Solution: Think about the kind of phenomena or scenarios you want your model to be capable of forecasting. Does your training data contain adequate examples of such phenomena or scenarios? If yes, then you probably have enough training data. If no, then get additional appropriate training data, or shorten your forecast horizon (see Part I for why you should do this).

Model Form:

  1. Issue: Using a complex or unusual generative modelling technique and believing you can just include the predictive features into the ‘model’ as you would when building a linear model or GLM.

    I have seen an agent-based model used to attempt to forecast and identify emergent phenomena that it was believed would occur in response to a macro-economic change or shock.
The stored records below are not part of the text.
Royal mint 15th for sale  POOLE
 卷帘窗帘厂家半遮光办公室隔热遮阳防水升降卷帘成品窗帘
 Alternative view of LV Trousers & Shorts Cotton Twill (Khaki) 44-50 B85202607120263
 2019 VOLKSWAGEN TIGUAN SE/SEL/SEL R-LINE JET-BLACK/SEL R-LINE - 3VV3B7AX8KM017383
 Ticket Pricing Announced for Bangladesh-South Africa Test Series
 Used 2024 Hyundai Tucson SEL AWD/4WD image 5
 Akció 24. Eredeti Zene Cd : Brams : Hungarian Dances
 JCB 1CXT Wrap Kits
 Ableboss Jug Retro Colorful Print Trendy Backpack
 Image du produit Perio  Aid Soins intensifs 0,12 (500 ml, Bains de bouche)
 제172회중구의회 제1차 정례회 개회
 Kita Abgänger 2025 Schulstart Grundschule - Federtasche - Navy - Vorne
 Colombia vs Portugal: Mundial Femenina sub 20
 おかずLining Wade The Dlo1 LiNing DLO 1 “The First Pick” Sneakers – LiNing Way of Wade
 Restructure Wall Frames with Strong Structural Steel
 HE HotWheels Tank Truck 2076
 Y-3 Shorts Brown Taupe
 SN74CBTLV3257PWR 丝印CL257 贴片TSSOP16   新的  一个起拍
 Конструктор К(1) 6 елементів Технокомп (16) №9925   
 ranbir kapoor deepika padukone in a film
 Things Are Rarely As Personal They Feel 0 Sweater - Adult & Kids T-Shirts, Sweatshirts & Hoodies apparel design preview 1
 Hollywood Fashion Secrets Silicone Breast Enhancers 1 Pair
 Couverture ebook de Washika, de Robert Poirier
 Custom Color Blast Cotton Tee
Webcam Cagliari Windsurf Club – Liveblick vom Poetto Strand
The agent-based simulation was used to mimic the microscopic interactions between the agents and their external environment – the general economy. A macro-economic variable, I think it was unemployment rate, was directly coupled to each agent’s propensity to spend. Lo-and-behold, when the unemployment rate increased the forecast showed that the total expenditure in the system went down. This was hailed as a new finding, showing emergent behaviour. No! It just reflected how the macro-economic variables had been included in the modelling. At this point over 12 months (at 3 FTE, I believe) had been expended on this project.

    How the exogenous influences are coupled to a forecasting technique is critically important if we want to identify genuine emergent phenomena. Genuinely emergent phenomena are typically a global property of the system, often resulting from a global constraint. For example, in a physical system it could be a requirement to minimize the overall free energy of the system. In a financial system it could be a requirement to maximize total profit. Ideally, we should think about how the exogenous influences interact with these global constraints when including the exogenous variables in our modelling. If instead the exogenous variables are coupled directly to a metric we will later measure, we should not be surprised when that metric changes when the exogenous variables do.

    Solution: The more complex the technique used you more you’ll need to think about how you put the predictive features into the ‘model’.

  2. Issue: Computational optimization of forecast model outputs will exploit the weaknesses in your model. Be aware of the potential future downstream uses of your forecasting process. The forecasting technique you’ve used may not be robust enough to support likely (and anticipatable) downstream uses. It is likely, you’ve set up your forecasting process as an automatable, reproducible codebase. That codebase can then be included in a downstream automated process, such as finding the optimal value of one the actionable input variables. The optimization process will optimize the output of the forecasting model and because forecasts are, almost by definition, ‘out-of-sample’, there is the potential for the optimization process to drive the model to a region of the input space where the model output is non-sensical. This is because the optimization process does not know any better – we have not ensured that the forecasting model output has sensible and credible behaviour for all scenarios or for all sets of input values. To do this we need to build sensible structural constraints or principles into our forecasting model. Such constraints or principles usually come from domain knowledge, e.g. from economic principles when building forecasting models that include macro-economic inputs. These constraints or principles represent assumptions – we are assuming that our system of interest will or should obey classical economic principles. If those assumptions are incorrect, we will be guilty of produced a biased forecast. How do we know when to include such constraints or principles? We don’t know precisely, but we can think before constructing the forecasting model whether the benefits of including them outweigh the dis-advantages, and we are forewarned as to the potential bias. The main point here is, again, think and plan.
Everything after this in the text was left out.